研究課題
1)VTC2遺伝子の光応答性転写院試の探索と同定:エチルメタンスルホン酸(EMS)処理を施したVTC2-prom::FLUC遺伝子導入シロイヌナズナに対して、研究分担者の中部大・吉村博士の所有する高感度生物発光測定装置によりLUC活性を指標に、光発現応答性に異常を来した変異株を複数株取得した。このうち2株については次世代シーケンスによる原因遺伝子候補の絞込みが完了し、現在候補遺伝子のT-DNA破壊株による検証を行っている。
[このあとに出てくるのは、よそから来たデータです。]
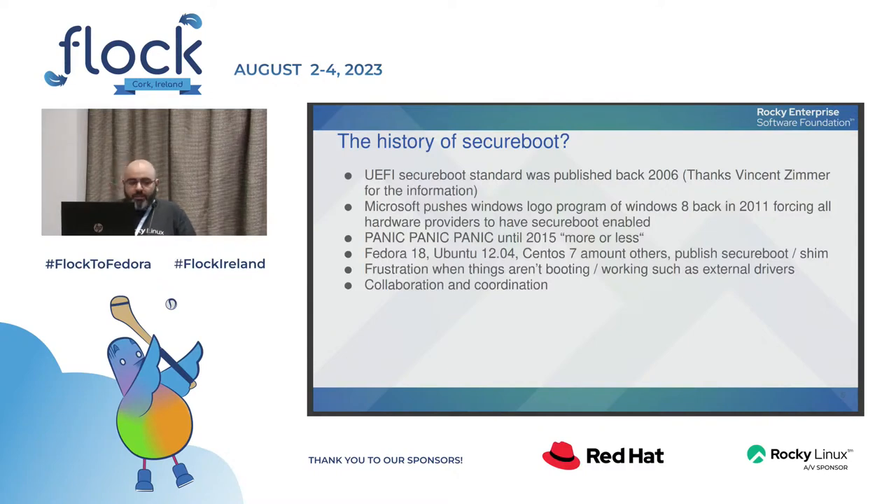The current state of the secure boot community is very positive. There's a lot of collaboration between people from Microsoft, Oracle, OpenSUSE, Red Hat, Debian, and Canonical. There is now a lot of coordination between the shim and GRUB developers and Microsoft, so there's no more lack of visibility around what's coming next regarding framework development with hardware.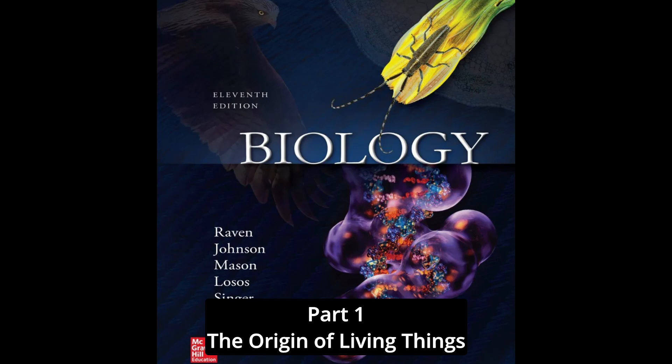Tracking down this clue, Keller Autumn of Lewis and Clark College in Portland, Oregon, and Robert Full of the University of California, Berkeley, took a closer look at gecko feet. Geckos have rows of tiny hairs called setae on the bottoms of their feet, like the bristles of some trendy toothbrush. Under the microscope, the end of each seta is divided into 400 to 1000 fine projections called spatulae. There are about half a million of these setae on each foot, each only one-tenth the diameter of a human hair.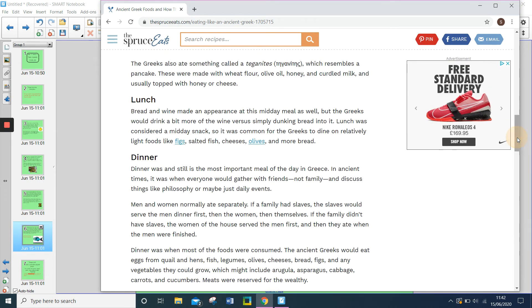Finally, let's look at what the Greeks would have for dinner. Dinner was, and still is, the most important meal of the day in Greece. In ancient times, it was when everyone would gather with friends — not family — and discuss things like philosophy, or maybe just daily events. Men and women normally ate separately. If a family had slaves, the slaves would serve the men dinner first, then the women, then themselves. If the family didn't have slaves, the women of the house served the men first, and then ate when the men were finished.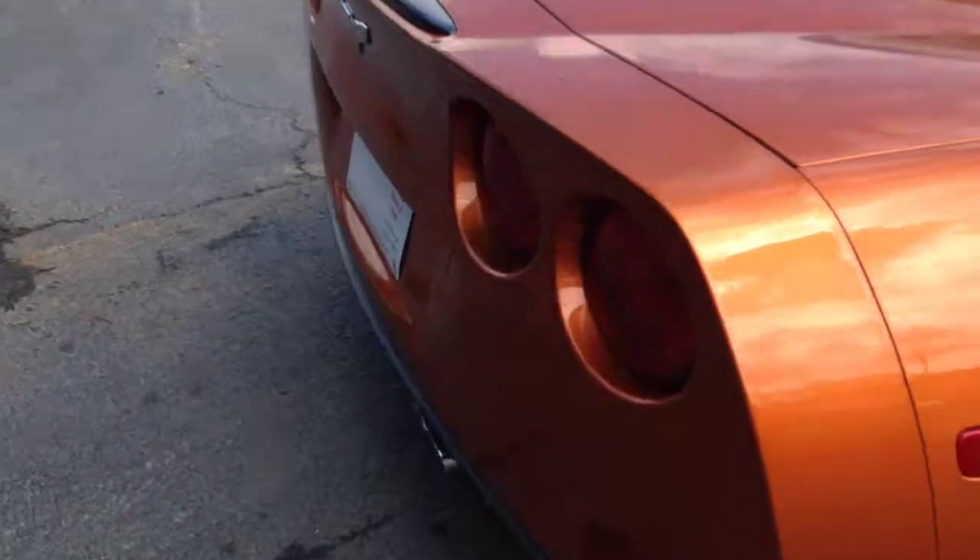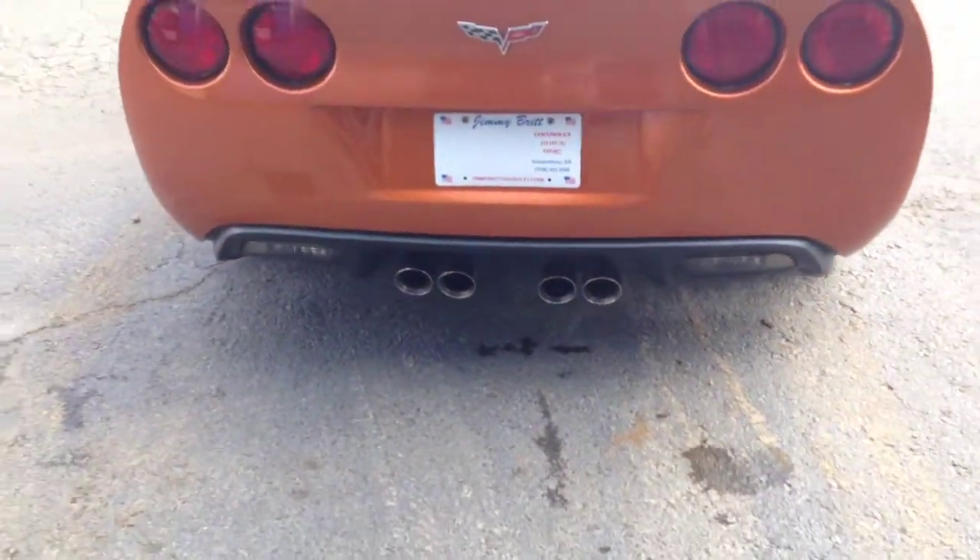Let you hear the low rumble of it. You can see the quad exhaust there.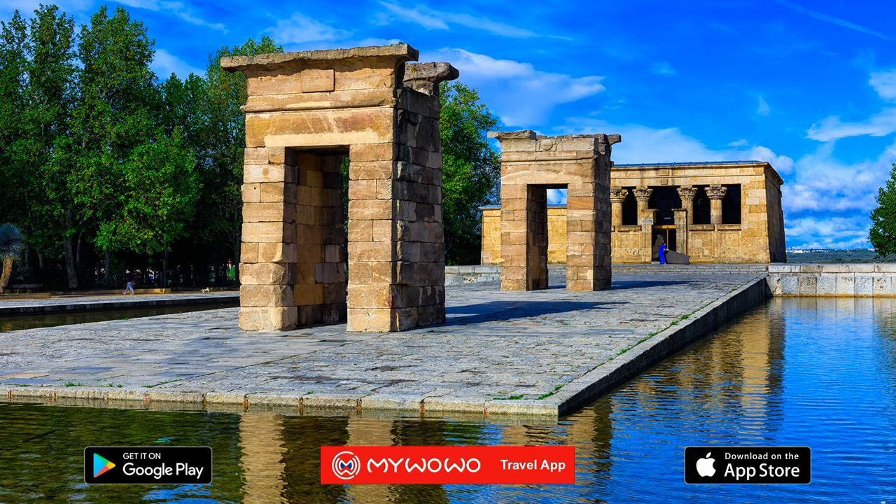One last tip: if you really want to feel like you're in the land of the pharaohs, come here at sunset. The sight of the Egyptian temple lit by the sunset will truly seem like an exotic mirage.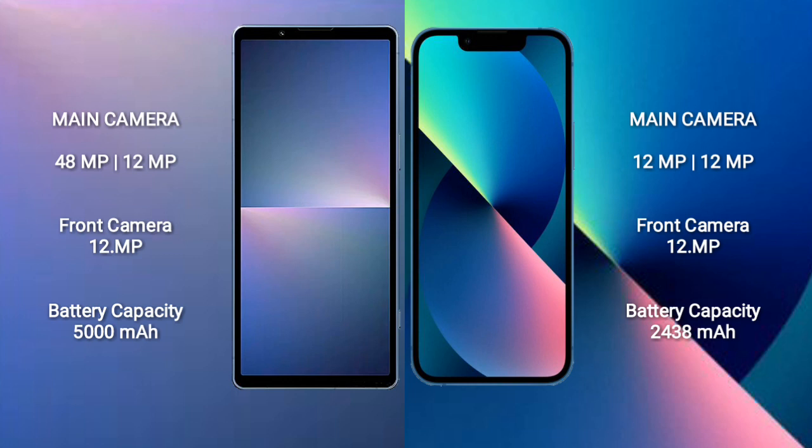Sony Xperia 5 Mark 5 features a dual camera setup with 48 megapixel plus 12 megapixel, and a 12 megapixel front camera. iPhone 13 Mini also features a dual camera setup with 12 megapixel plus 12 megapixel, and a 12 megapixel front camera.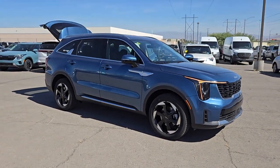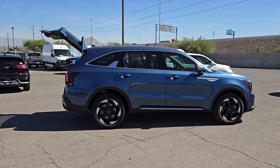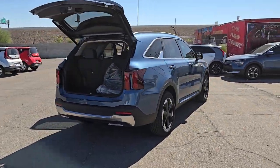Hop into the 2025 Kia Sorento Hybrid. Take advantage of the efficiency and family-friendly comfort this Sorento Hybrid has to offer. You'll love its roomy, high-quality interior and desirable safety and infotainment features too.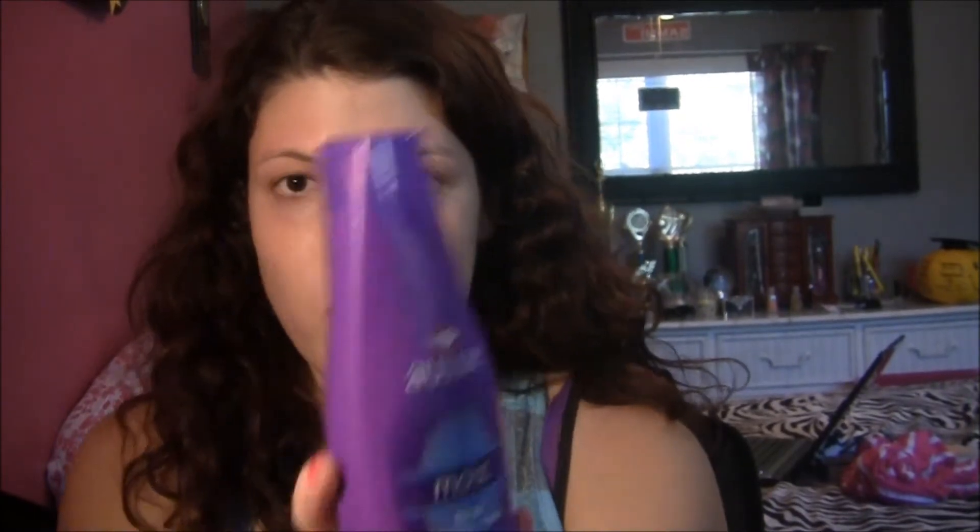I also got a new shampoo — it's Aussie Moist. My hair is extremely curly so I need a moisturizing shampoo. I can't use dry shampoo or volumizing shampoo because it just makes my hair frizzy. I've tried every Aussie conditioner and love them, but I've never tried the shampoo, so I'm really excited to try this out. And that's everything from my little haul!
2)アスコルビン酸によるVTC2ホスホリラーゼ活性調節機構の解明:大腸菌においてGST融合タンパク質として組換え体VTC2を発現・精製し、VTC2活性におよぼす酸化型アスコルビン酸の分解物の影響を検証した。その結果、VTC2はアスコルビン酸酸化分解物のシュウ酸により効率的に拮抗阻害によるフィードバック調節を受けることが明らかになった。3)VTC3 の標的因子同定とリン酸化シグナル伝達系の解明:新規プロテインキナーゼ/ホスファターゼをコードするシロイヌナズナVTC3遺伝子破壊株は、光によるアスコルビン酸生合成の亢進が認められない。そこでVTC3遺伝子破壊株のリン酸化プロテオーム解析を実施し、約500タンパク質において、野生株とVTC3破壊株間で有意にリン酸化レベルが変動ていることが示された。その中にはアスコルビン酸生合成経路を構成するVTC2およびGMEタンパク質が含まれていたことから、VTC2およびGMEのリン酸化部位にAsp置換変異を導入した擬似組換え体タンパク質を作出し、それらの酵素活性に及ぼす影響を評価した。その結果、VTC2ではリン酸化により酵素活性の亢進および酵素安定性の向上が認められたことから、光応答時においてVTC3はVTC2のリン酸化を介してアスコルビン酸生合成の調節に関与している可能性が強く示唆された。
令和2年度が最終年度であるため、記入しない。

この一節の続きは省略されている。